この研修は日本救急医療財団が、「救急医療を行っている医療従事者に日常の救急業務能力の向上を目指すとともに、救急医療の連携及び普及に資することを目的として」行っている事業です。全部で5-60人の医師が参加していました。

研修は2つのパートに分けて行われます。
前半は「施設研修」として全国各地の救急施設に3-5人ずつのグループで2日間伺い、救急部門の管理運営に関することや地域において救急医療施設が果たすべき役割などについて、見学したり討論したりします。
後半は「合同研修」として東京の研修所に全員が集まり、施設研修でえられた問題点、改善点、アピールする点などを踏まえつつ、地域医療や病院前救急医療体制、災害医療や法的問題点などまで幅広く、講義とワークショップ形式でのディスカッションを行います。


私は施設研修では神戸ポートアイランドにあります「神戸市立医療センター中央市民病院」へ行ってまいりました。
神戸市立医療センター中央市民病院ホームページより
同院は2011年に新築して移転したのですがすでに増築工事を行っており、地域のニーズが高い病院のようでした。病床は708床、救急病床が救急ICU8床を含めて62床あります。救急関連のデータとしては救急受診者数年間3-4万人、救急車搬送年間8-9000台、ヘリコプターによる患者受入年間5-60件、ワークステーション方式のドクターカー出動年間2-300件あり、とても活動性の高い救命救急センターです。

まず驚いたのは救急外来部門のハード面です。
多くの患者さんを受け入れられるようにかなりのスペースを取ってあり、一次診察室10室、点滴・観察用ベッド9床、二次診察室6床、感染症診療室2、三次初療室5床あり、それぞれのエリアも十分な広さがありました。ここで日中は救急医2名研修医2名、夜間は救急医2名研修医3名で診療するのですが、広すぎて全体を一目で見渡せないという問題があります。これに対して電子カルテ上で、どこで、だれが、どの患者を診療していて、どこまで進捗しているか、を把握できるようなマップビューがあり、上級医はそれを見ながら研修医の診療補助をうまくやっておられました。
また、この夏から身体疾患を合併した精神疾患患者さん用の病床(MPU)を新たに8床作られており、うまく運用されておられるようでした。

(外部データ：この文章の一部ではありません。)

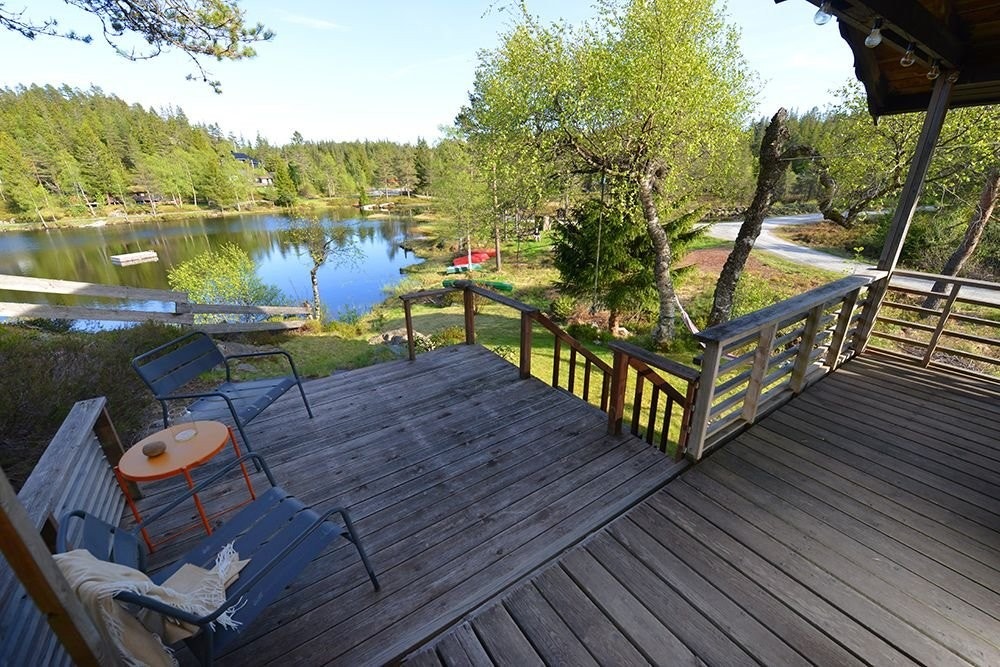 Veranda med fin uteplass og utsikt Galleribilde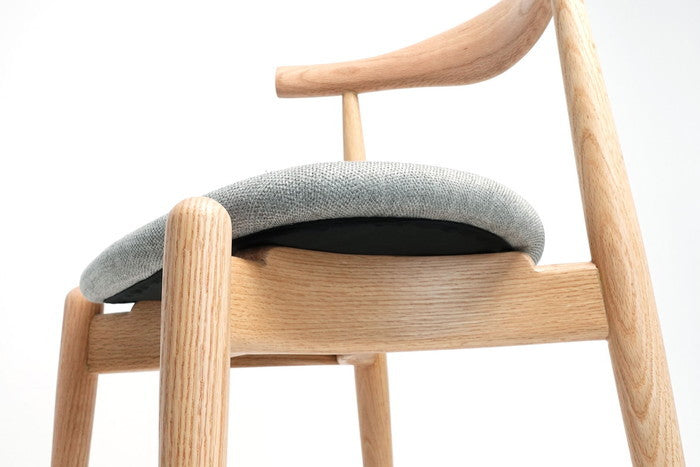 【即納】9109 チェア ファブリック レッドオーク ブラウン ブラック ライトグレー W54xD44xH73 sh45 e-comfort デザイナーズ ジェネリック家具 リプロダクト  kwg-ch91096t3a3cの画像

ソフト面では、特に教育の面で充実していると感じました。
回診でのプレゼンでは、どのように考えてその結論に至ったのかという思考・判断プロセスを重視しており、各症例毎にしっかり時間をかけて討論しておられました。勉強会もしっかり行われており、疾患などの知識だけでなく、医学教育、医療倫理、チーム作り、医療経済から論理学に至るまで多岐にわたっていて、ここで研修していると相当な力がつくのではないかと思いました。



当院も2018年に新築移転を控えており、身体疾患合併の精神科病床も作る予定です。今回の神戸での研修で得られたことは、当院・当科での診療にも還元していければと考えております。

市立医療センター中央市民病院のみなさま、ありがとうございました。



ちなみに同院には以前当院で一緒に働いていた蓮池先生がいらっしゃって、総合内科で大活躍されています!